Records provided section start

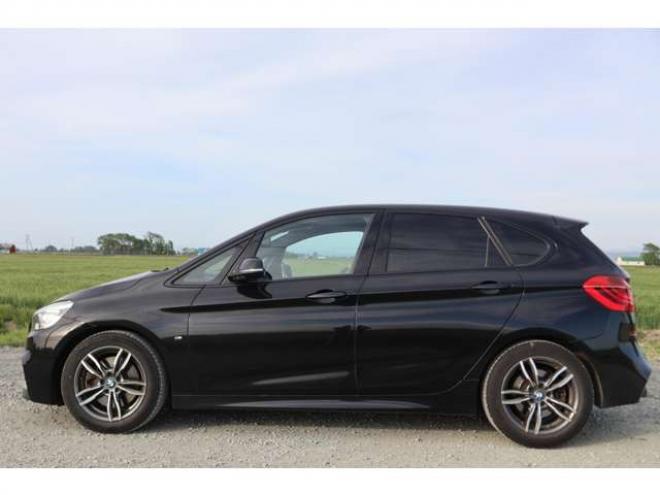 BMW2シリーズアクティブツアラー 225i xドライブ Mスポーツ 4WD　検二年　バックカメラ　シートヒーター　ETC　ナビ　自社　ローンカノウ 正規輸入車 2000
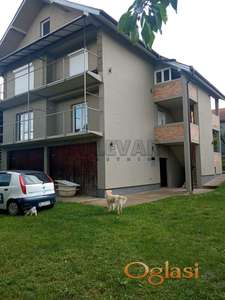 Dve kuće u Kragujevcu, naselje Erdeč, 340 m2 i 105 m2, plac 1042 m2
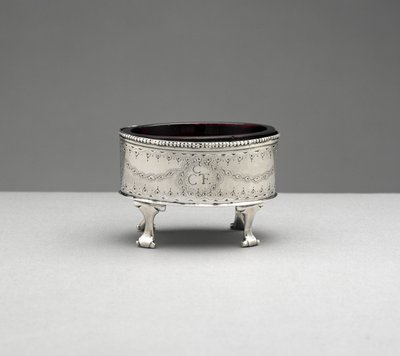 Prato de sal, c. 1785-1803 (prata e vidro) de Jacob Gerritse (attr.to) Lansing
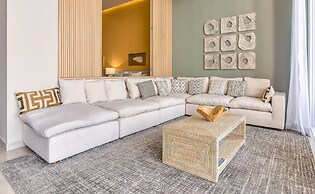 Luxury Oceanfront 3 BR Penthouse - Beach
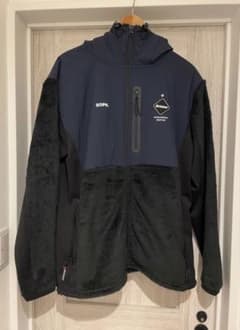 値下げ　F.C.Real Bristol フリースジャケット XLのサムネイル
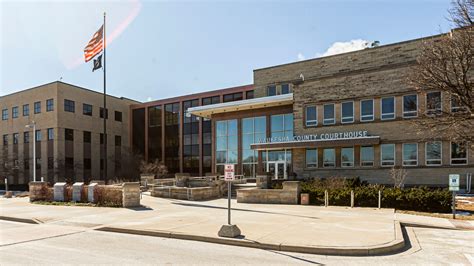 34-year-old man dies while in custody at the Waukesha County Jail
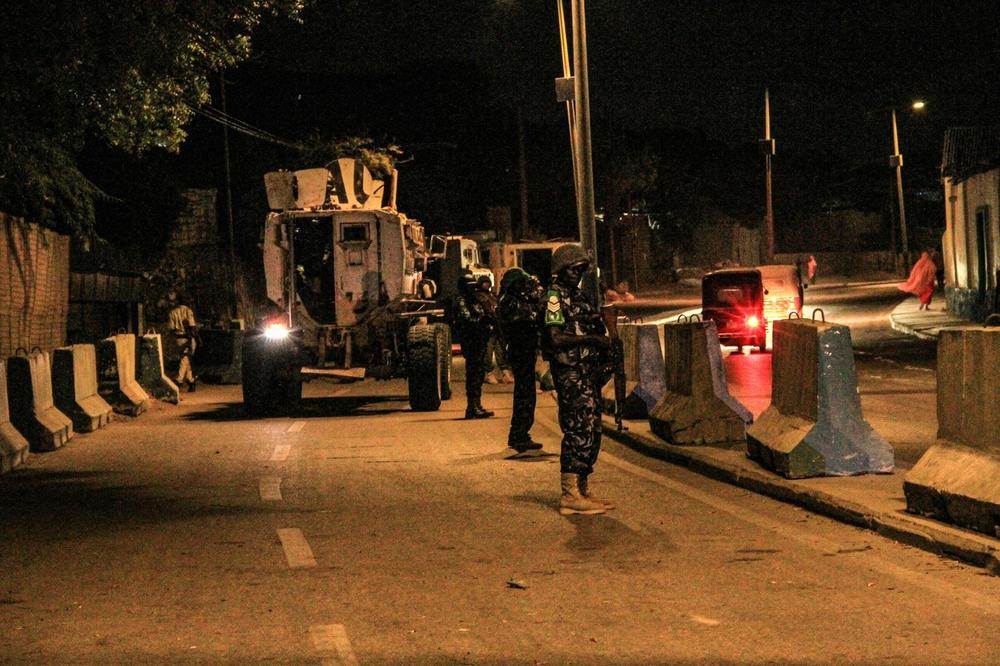  POGINULO 12 SOMALIJSKIH VOJNIKA: Dok su prolazili eksplodirala nagazna mina 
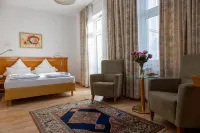Hotel Weisses Haus Hotels in Hammelburg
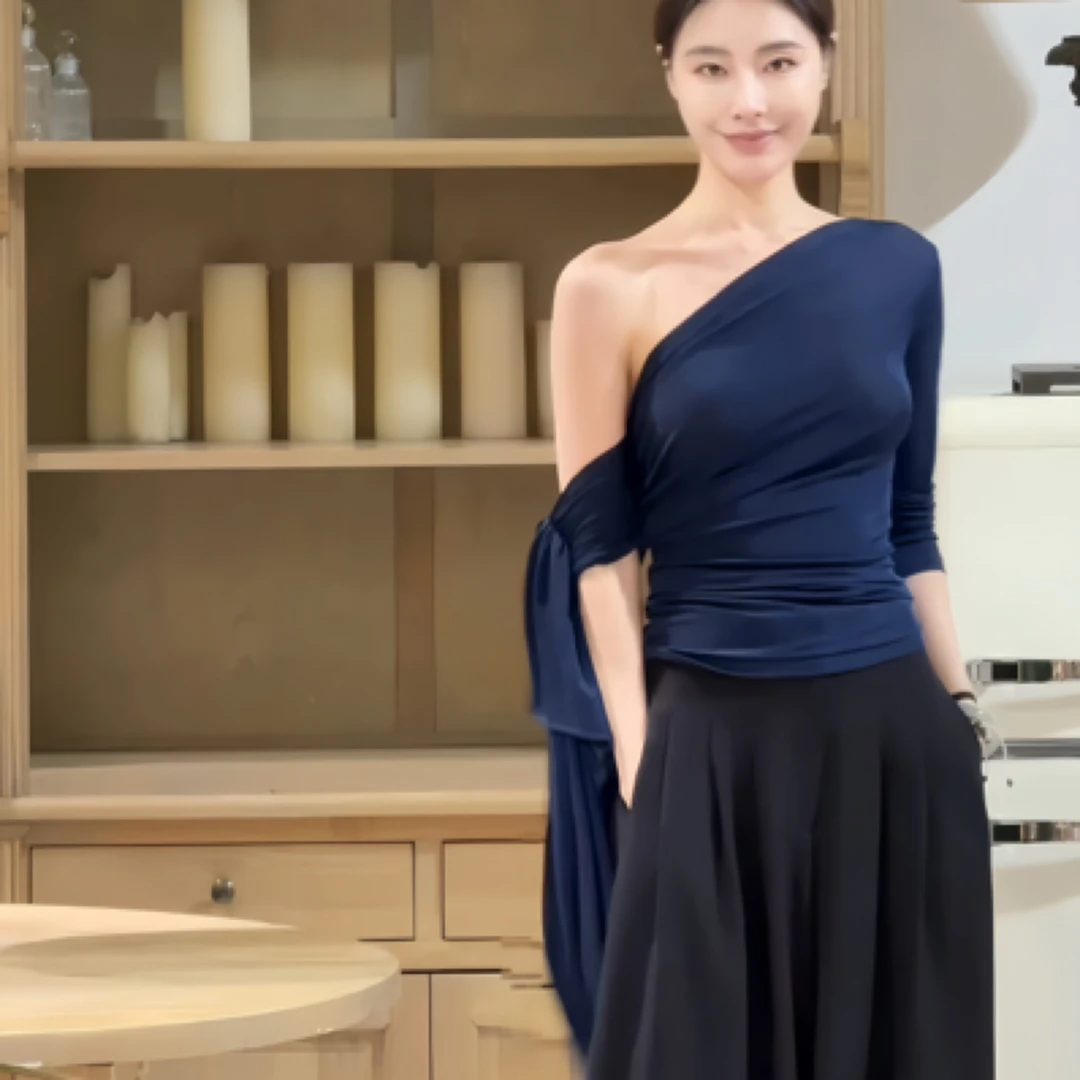 muli沐里歇肩弹力设计感上衣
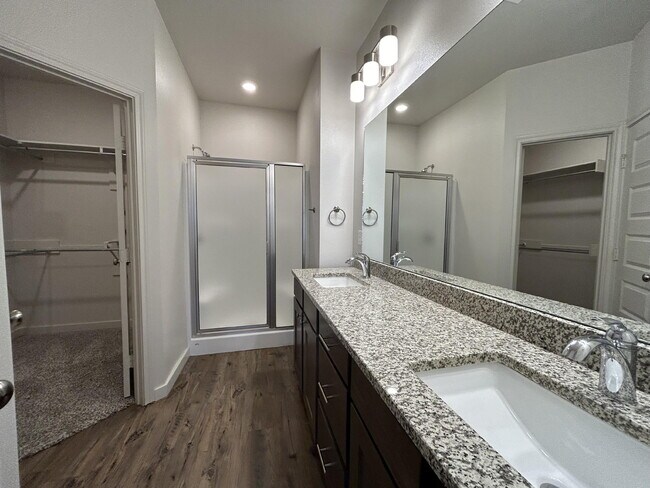 Building Photo - 2611 135th St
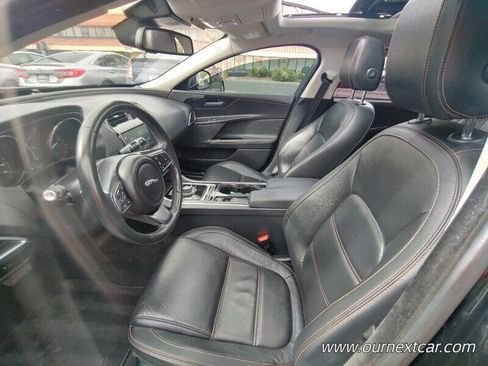 Used 2017 Jaguar XF Premium image 19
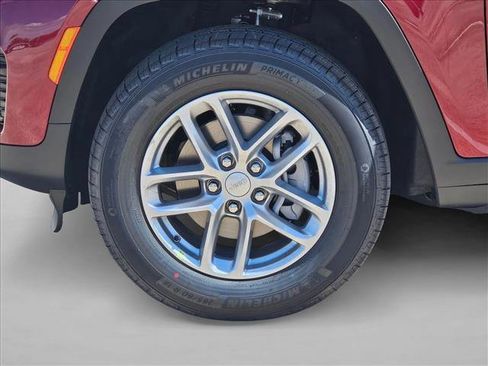 New 2025 Jeep Grand Cherokee Laredo X image 17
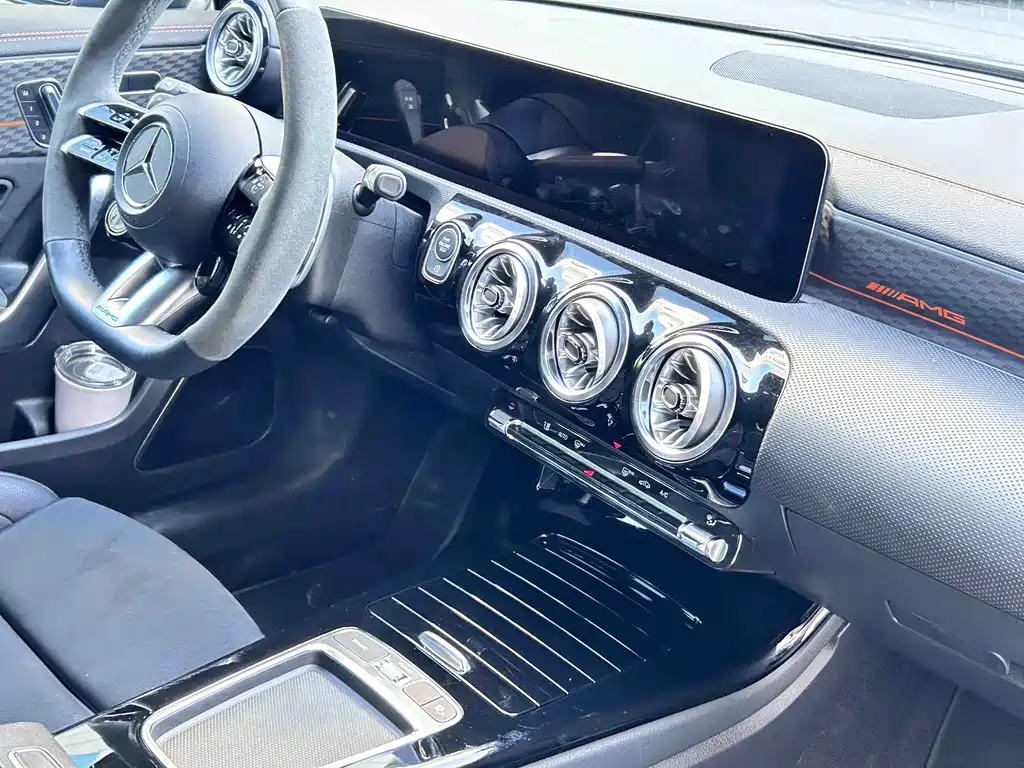 Mercedes-Benz A-Class AMG (Import) AMG A 45 S 4MATIC+燃擎当道特别版, фото 17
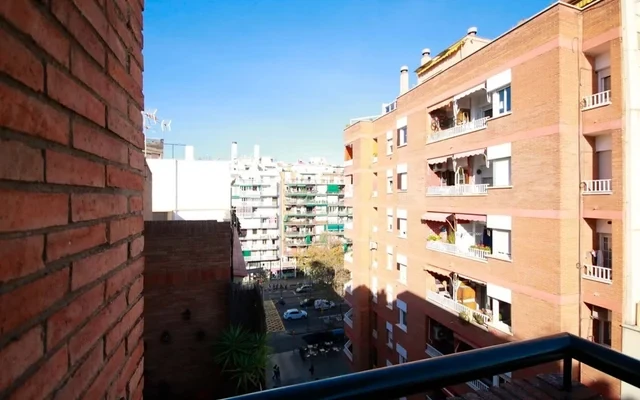 Carrer de Sant Fructuos Barcelona 08004 Spain 0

Records provided section end

**What you need to do:** Each entry above must be duplicated precisely; none of the pictures may be included.

**Answer for this exercise:**
 BMW2シリーズアクティブツアラー 225i xドライブ Mスポーツ 4WD　検二年　バックカメラ　シートヒーター　ETC　ナビ　自社　ローンカノウ 正規輸入車 2000
 Dve kuće u Kragujevcu, naselje Erdeč, 340 m2 i 105 m2, plac 1042 m2
 Prato de sal, c. 1785-1803 (prata e vidro) de Jacob Gerritse (attr.to) Lansing
 Luxury Oceanfront 3 BR Penthouse - Beach
 値下げ　F.C.Real Bristol フリースジャケット XLのサムネイル
 34-year-old man dies while in custody at the Waukesha County Jail
  POGINULO 12 SOMALIJSKIH VOJNIKA: Dok su prolazili eksplodirala nagazna mina 
Hotel Weisses Haus Hotels in Hammelburg
 muli沐里歇肩弹力设计感上衣
 Building Photo - 2611 135th St
 Used 2017 Jaguar XF Premium image 19
 New 2025 Jeep Grand Cherokee Laredo X image 17
 Mercedes-Benz A-Class AMG (Import) AMG A 45 S 4MATIC+燃擎当道特别版, фото 17
 Carrer de Sant Fructuos Barcelona 08004 Spain 0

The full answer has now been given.